Input records
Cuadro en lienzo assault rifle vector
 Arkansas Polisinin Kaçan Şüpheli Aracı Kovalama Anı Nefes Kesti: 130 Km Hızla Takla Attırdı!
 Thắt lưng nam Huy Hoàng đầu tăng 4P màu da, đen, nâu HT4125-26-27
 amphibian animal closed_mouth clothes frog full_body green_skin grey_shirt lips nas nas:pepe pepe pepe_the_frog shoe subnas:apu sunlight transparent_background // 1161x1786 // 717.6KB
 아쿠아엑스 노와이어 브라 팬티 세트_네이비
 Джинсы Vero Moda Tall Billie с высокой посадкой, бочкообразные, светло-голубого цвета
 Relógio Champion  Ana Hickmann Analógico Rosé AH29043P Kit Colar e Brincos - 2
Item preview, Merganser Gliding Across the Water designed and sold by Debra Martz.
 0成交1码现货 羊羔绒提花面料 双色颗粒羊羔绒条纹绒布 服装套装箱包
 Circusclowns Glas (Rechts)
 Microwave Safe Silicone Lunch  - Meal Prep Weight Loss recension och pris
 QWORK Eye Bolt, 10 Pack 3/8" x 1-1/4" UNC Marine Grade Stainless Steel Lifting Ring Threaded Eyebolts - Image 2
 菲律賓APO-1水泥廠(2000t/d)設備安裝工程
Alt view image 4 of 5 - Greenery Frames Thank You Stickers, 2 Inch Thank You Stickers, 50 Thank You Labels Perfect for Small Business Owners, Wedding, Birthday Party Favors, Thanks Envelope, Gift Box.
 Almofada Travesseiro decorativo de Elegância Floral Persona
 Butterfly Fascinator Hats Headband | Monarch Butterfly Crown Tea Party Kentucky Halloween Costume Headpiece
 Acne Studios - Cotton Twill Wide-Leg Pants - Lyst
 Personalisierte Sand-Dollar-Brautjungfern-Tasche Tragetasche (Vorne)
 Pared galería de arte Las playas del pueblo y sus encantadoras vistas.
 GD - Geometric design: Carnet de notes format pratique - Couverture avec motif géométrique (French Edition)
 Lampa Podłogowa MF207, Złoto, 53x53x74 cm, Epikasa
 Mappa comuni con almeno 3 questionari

What is needed
Copy down the material above exactly as it is.

Task result
Cuadro en lienzo assault rifle vector
 Arkansas Polisinin Kaçan Şüpheli Aracı Kovalama Anı Nefes Kesti: 130 Km Hızla Takla Attırdı!
 Thắt lưng nam Huy Hoàng đầu tăng 4P màu da, đen, nâu HT4125-26-27
 amphibian animal closed_mouth clothes frog full_body green_skin grey_shirt lips nas nas:pepe pepe pepe_the_frog shoe subnas:apu sunlight transparent_background // 1161x1786 // 717.6KB
 아쿠아엑스 노와이어 브라 팬티 세트_네이비
 Джинсы Vero Moda Tall Billie с высокой посадкой, бочкообразные, светло-голубого цвета
 Relógio Champion  Ana Hickmann Analógico Rosé AH29043P Kit Colar e Brincos - 2
Item preview, Merganser Gliding Across the Water designed and sold by Debra Martz.
 0成交1码现货 羊羔绒提花面料 双色颗粒羊羔绒条纹绒布 服装套装箱包
 Circusclowns Glas (Rechts)
 Microwave Safe Silicone Lunch  - Meal Prep Weight Loss recension och pris
 QWORK Eye Bolt, 10 Pack 3/8" x 1-1/4" UNC Marine Grade Stainless Steel Lifting Ring Threaded Eyebolts - Image 2
 菲律賓APO-1水泥廠(2000t/d)設備安裝工程
Alt view image 4 of 5 - Greenery Frames Thank You Stickers, 2 Inch Thank You Stickers, 50 Thank You Labels Perfect for Small Business Owners, Wedding, Birthday Party Favors, Thanks Envelope, Gift Box.
 Almofada Travesseiro decorativo de Elegância Floral Persona
 Butterfly Fascinator Hats Headband | Monarch Butterfly Crown Tea Party Kentucky Halloween Costume Headpiece
 Acne Studios - Cotton Twill Wide-Leg Pants - Lyst
 Personalisierte Sand-Dollar-Brautjungfern-Tasche Tragetasche (Vorne)
 Pared galería de arte Las playas del pueblo y sus encantadoras vistas.
 GD - Geometric design: Carnet de notes format pratique - Couverture avec motif géométrique (French Edition)
 Lampa Podłogowa MF207, Złoto, 53x53x74 cm, Epikasa
 Mappa comuni con almeno 3 questionari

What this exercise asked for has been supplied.